== Segment start ==

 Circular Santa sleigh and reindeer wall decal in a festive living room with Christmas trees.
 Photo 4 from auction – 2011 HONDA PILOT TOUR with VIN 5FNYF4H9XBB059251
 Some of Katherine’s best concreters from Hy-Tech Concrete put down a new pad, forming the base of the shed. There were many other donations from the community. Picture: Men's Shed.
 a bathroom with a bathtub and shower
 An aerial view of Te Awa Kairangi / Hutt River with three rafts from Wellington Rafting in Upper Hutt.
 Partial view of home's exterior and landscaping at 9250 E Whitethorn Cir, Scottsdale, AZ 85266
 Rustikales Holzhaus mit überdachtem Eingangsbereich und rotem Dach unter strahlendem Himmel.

== Segment end ==
== Segment start ==

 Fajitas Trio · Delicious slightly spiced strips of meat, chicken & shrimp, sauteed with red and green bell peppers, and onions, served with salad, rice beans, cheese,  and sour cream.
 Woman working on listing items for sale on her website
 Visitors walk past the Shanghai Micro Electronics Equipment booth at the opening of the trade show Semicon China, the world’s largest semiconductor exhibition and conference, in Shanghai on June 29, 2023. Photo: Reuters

== Segment end ==
== Segment start ==

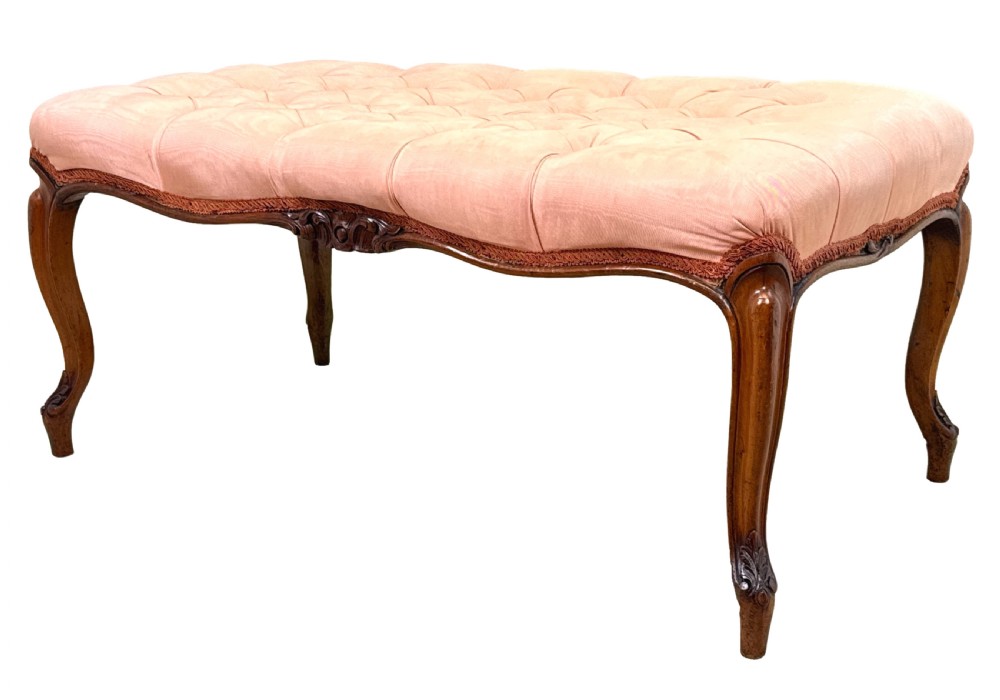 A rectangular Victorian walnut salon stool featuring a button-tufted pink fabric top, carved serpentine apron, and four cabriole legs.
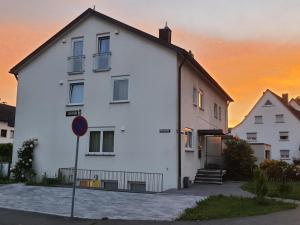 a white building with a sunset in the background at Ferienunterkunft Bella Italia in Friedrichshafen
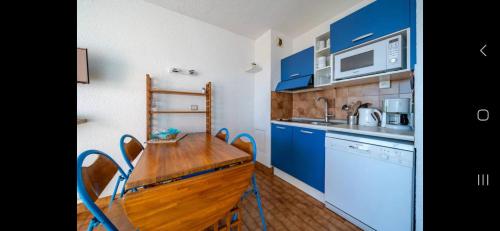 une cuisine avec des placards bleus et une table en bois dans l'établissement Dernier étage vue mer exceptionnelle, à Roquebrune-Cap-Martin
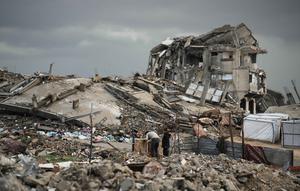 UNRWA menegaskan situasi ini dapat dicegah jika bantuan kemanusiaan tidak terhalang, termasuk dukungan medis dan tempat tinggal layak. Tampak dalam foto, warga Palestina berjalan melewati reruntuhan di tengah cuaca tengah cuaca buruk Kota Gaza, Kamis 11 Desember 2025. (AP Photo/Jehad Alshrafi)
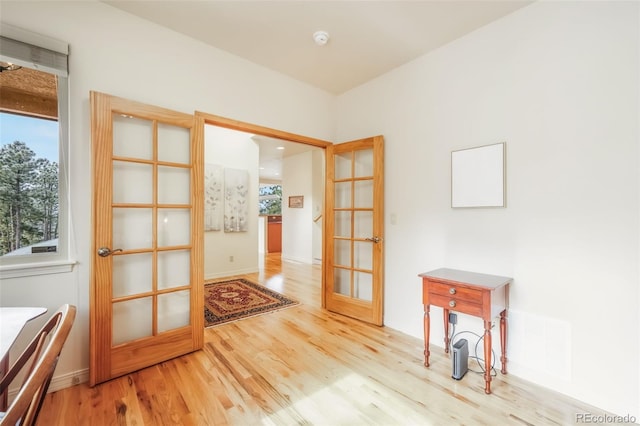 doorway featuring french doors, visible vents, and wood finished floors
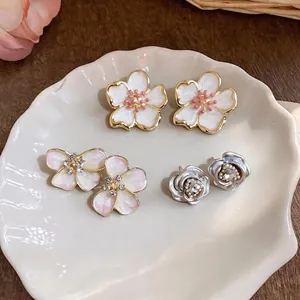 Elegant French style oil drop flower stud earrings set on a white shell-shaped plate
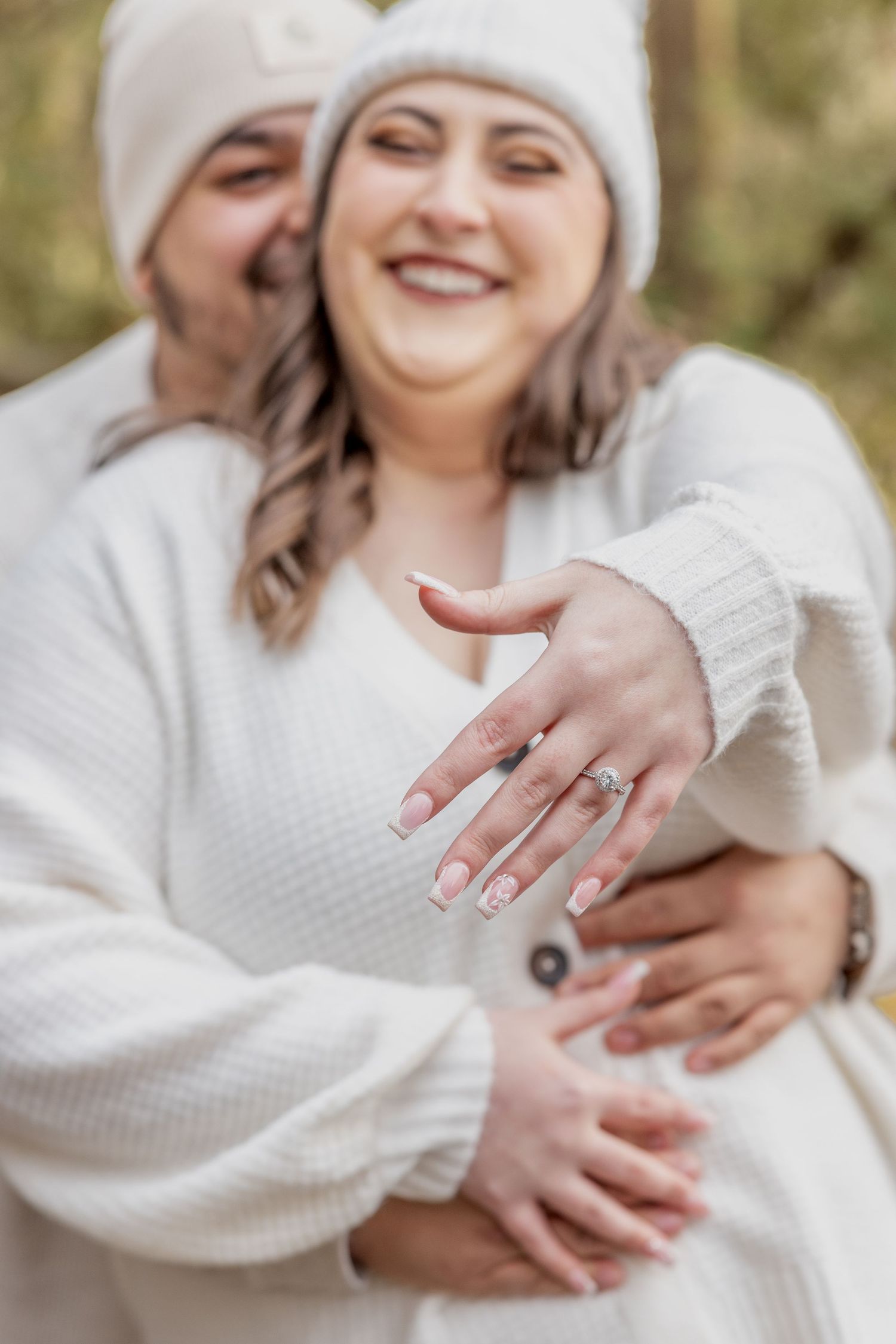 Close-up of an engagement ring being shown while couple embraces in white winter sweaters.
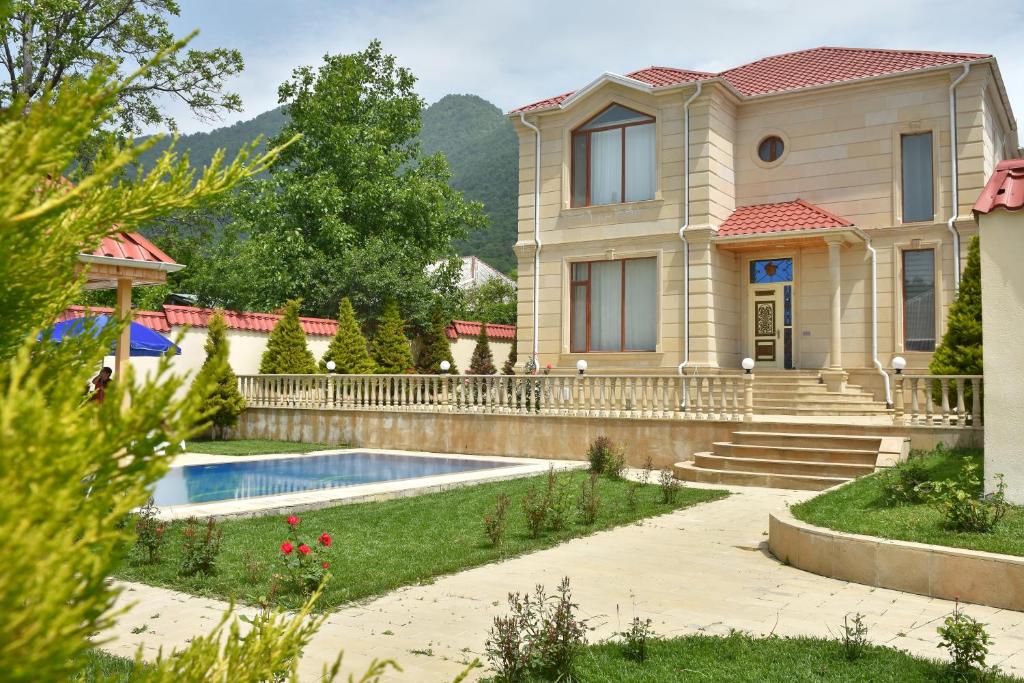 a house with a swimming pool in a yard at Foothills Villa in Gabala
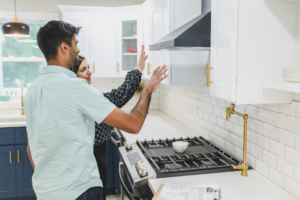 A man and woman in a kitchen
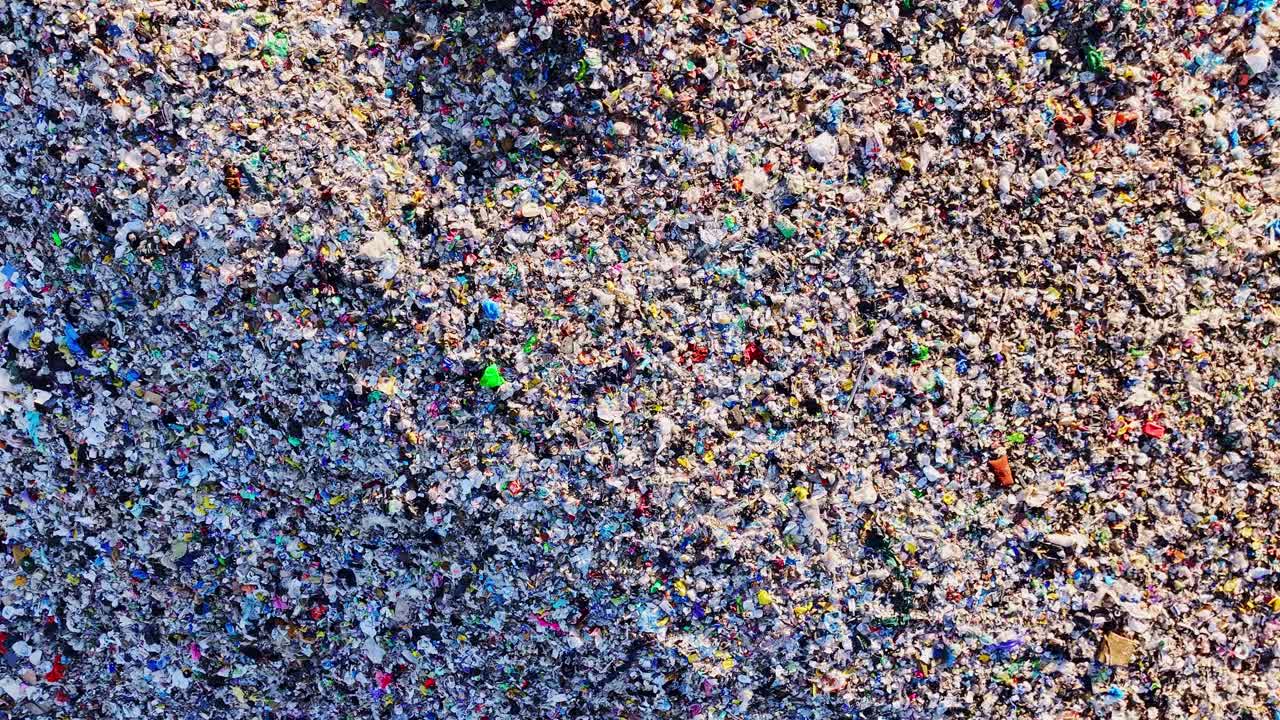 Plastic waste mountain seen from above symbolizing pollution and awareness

== Segment end ==

WHAT IS NEEDED
The line above containing "Circular Santa sleigh", the line containing "Rustikales Holzhaus mit", and every line between them are to be transcribed exactly; no other line is wanted.

TASK RESULT
 Circular Santa sleigh and reindeer wall decal in a festive living room with Christmas trees.
 Photo 4 from auction – 2011 HONDA PILOT TOUR with VIN 5FNYF4H9XBB059251
 Some of Katherine’s best concreters from Hy-Tech Concrete put down a new pad, forming the base of the shed. There were many other donations from the community. Picture: Men's Shed.
 a bathroom with a bathtub and shower
 An aerial view of Te Awa Kairangi / Hutt River with three rafts from Wellington Rafting in Upper Hutt.
 Partial view of home's exterior and landscaping at 9250 E Whitethorn Cir, Scottsdale, AZ 85266
 Rustikales Holzhaus mit überdachtem Eingangsbereich und rotem Dach unter strahlendem Himmel.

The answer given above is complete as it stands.